In an attempt to avoid this complication, a dissolving test capsule called “patency capsule” [66] was developed. It allows assessed patient with probable CD to safely undergo a CE, despite clinical and radiographic evidence of small bowel stenosis in CD. The patency capsule is swallowed by the patient and the scan is 30 hours after ingestion. Thirty-eight percent of patency capsule is dissolved after 35 h and all are dissolved between 36 and 72 h. Some cases of intestinal occlusion have been reported with the patency [67], so a new capsule with two-timer plus (Agile© patency capsule) has recently been developed in order to minimize the risk of occlusion. A clinical trial [68] has demonstrated that it is a useful, noninvasive tool to identify which patients with suspected strictures could safely ingest the standard video capsule. In cases of an unsuccessful patency capsule procedure, the small bowel should be investigated by radiological imaging such as MRE or by enteroscopy.

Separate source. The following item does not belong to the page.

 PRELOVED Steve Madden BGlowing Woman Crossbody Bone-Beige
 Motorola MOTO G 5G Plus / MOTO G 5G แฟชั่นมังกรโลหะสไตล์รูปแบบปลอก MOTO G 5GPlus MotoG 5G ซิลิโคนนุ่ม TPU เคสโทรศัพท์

It is important to enhance that normal radiographic studies cannot entirely exclude the potential for small-bowel capsule retention and in case of a stricture suspected the Agile© patency capsule should be considered [24].

6. Conclusions

Capsule endoscopy is a good method to evaluate the small bowel resulting in better outcomes of diagnosis, classification, therapeutic management, and prognosis of patients with CD. Nevertheless there remains much to be clarified: it is necessary to improve the specificity of the CE and to determine the place of the CE in the recurrence of CD and, for example, its role in monitoring drug response.

Conflict of Interests

The authors declare that there is no conflict of interests regarding the publication of this paper.